### How to complete this task
What you return should match the data word for word, minus the images.
(Beginning of Data)
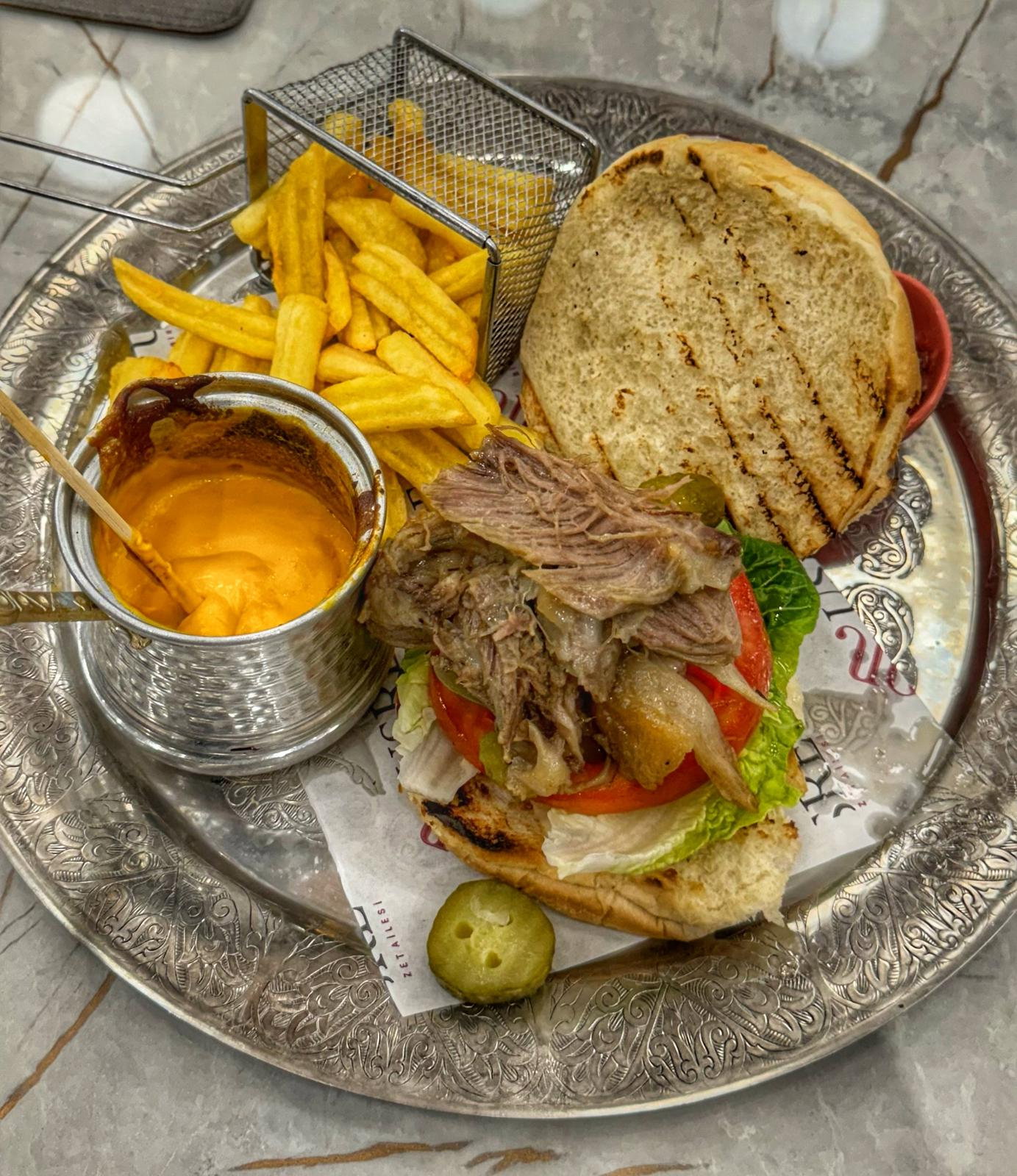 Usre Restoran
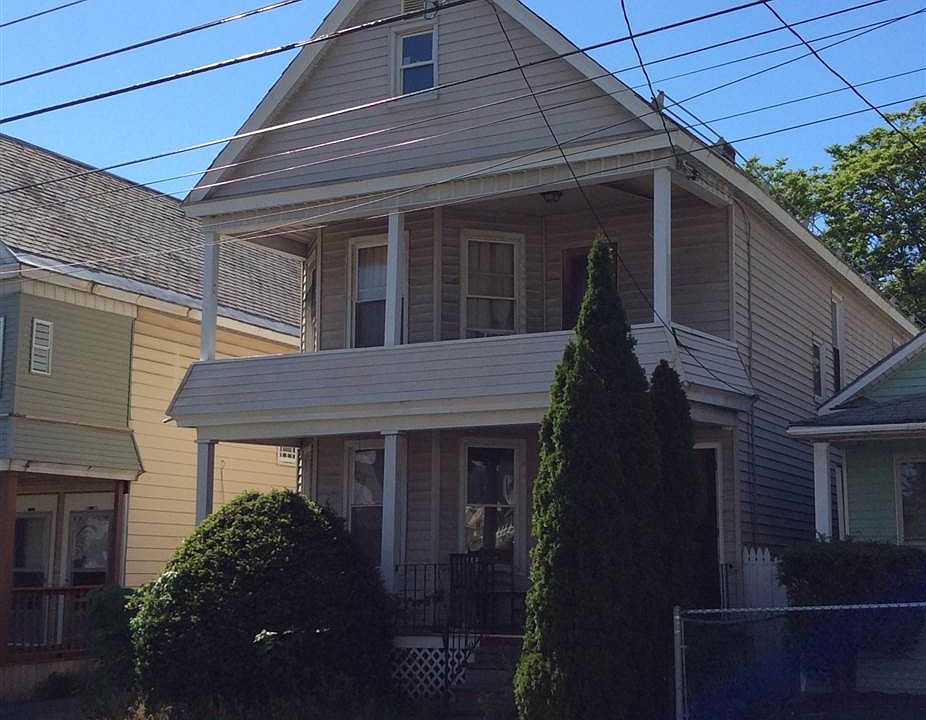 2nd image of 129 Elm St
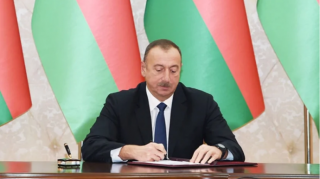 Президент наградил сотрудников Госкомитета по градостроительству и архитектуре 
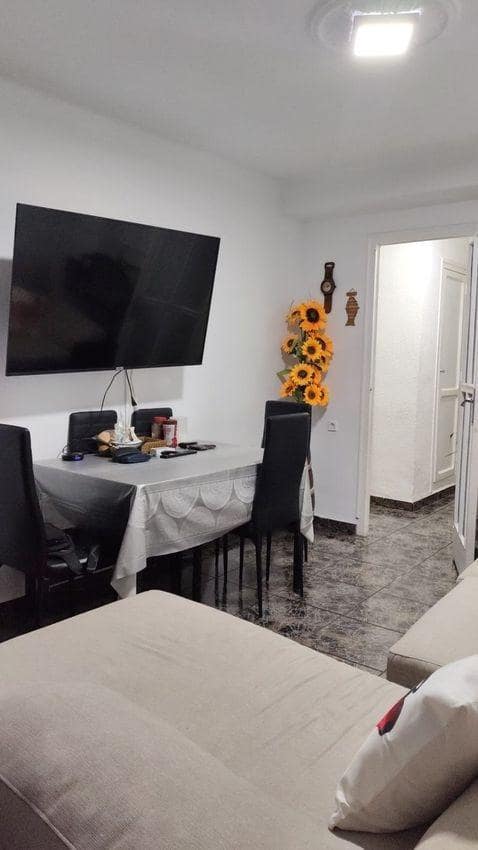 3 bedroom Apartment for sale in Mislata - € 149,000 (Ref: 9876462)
(End of Data)
### Written answer
 Usre Restoran
 2nd image of 129 Elm St
 Президент наградил сотрудников Госкомитета по градостроительству и архитектуре 
 3 bedroom Apartment for sale in Mislata - € 149,000 (Ref: 9876462)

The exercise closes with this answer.